» **Your goal**: Beginning with the line that holds "2000 Chevrolet Corvette" and ending with the last line below, please copy every line exactly, add nothing, and leave out the pictures.

[Opening Supplied data section]

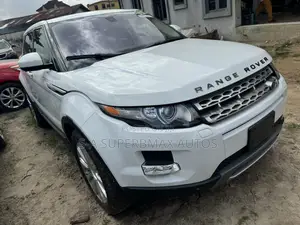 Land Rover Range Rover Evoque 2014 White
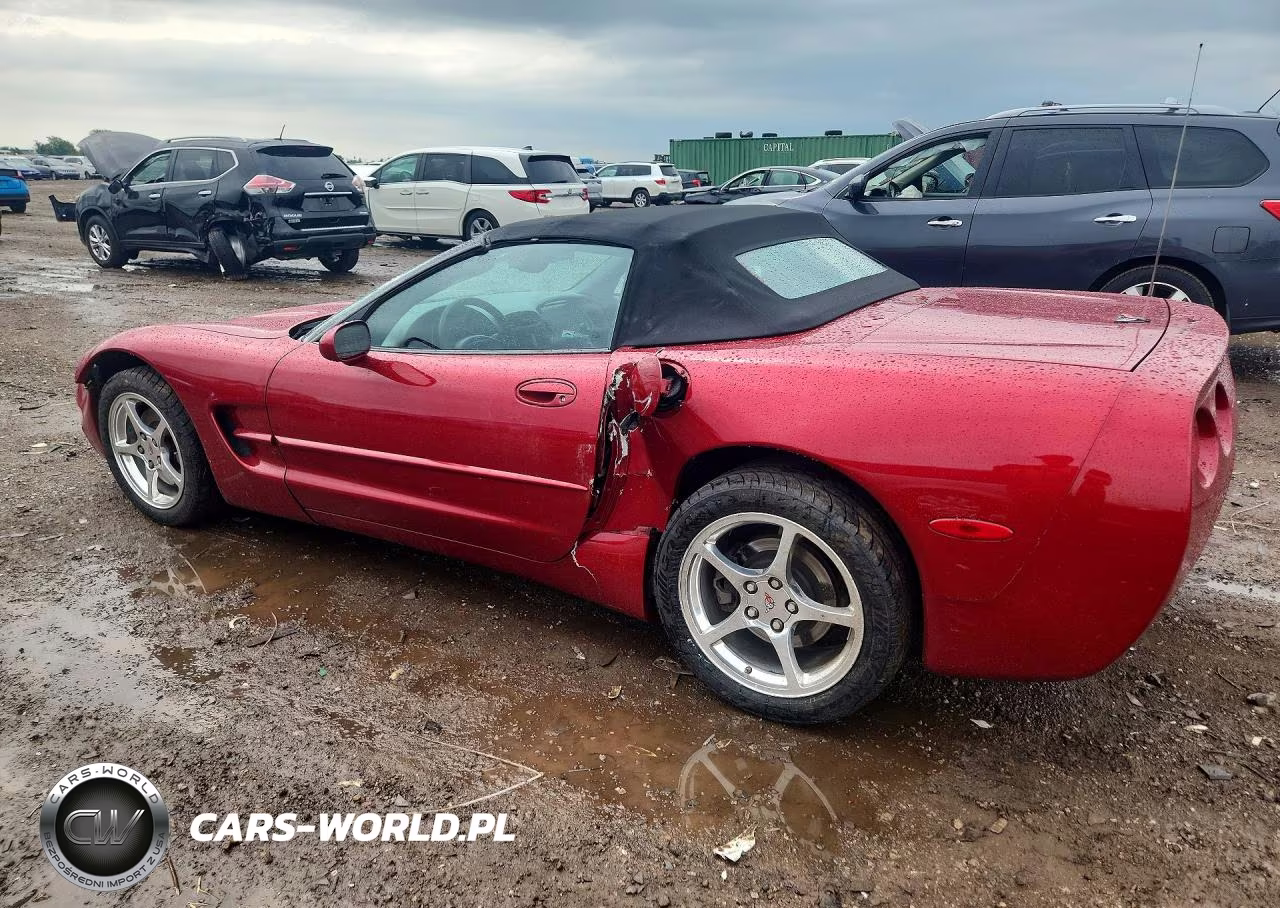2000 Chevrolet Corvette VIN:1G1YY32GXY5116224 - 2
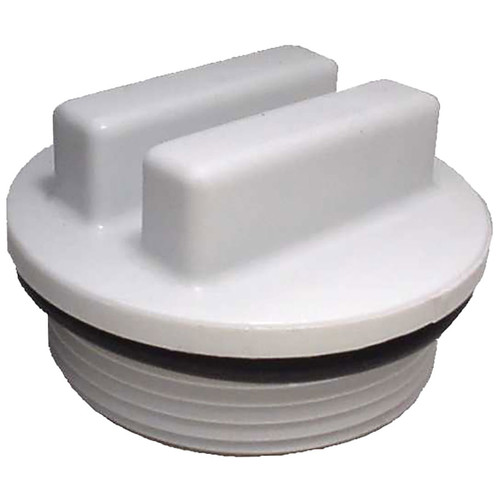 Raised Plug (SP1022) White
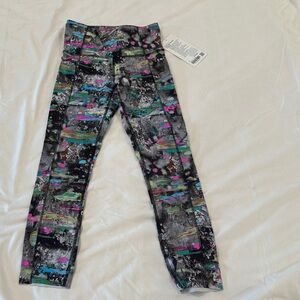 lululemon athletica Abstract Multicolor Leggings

[Closing Supplied data section]

» **Response**:
2000 Chevrolet Corvette VIN:1G1YY32GXY5116224 - 2
 Raised Plug (SP1022) White
 lululemon athletica Abstract Multicolor Leggings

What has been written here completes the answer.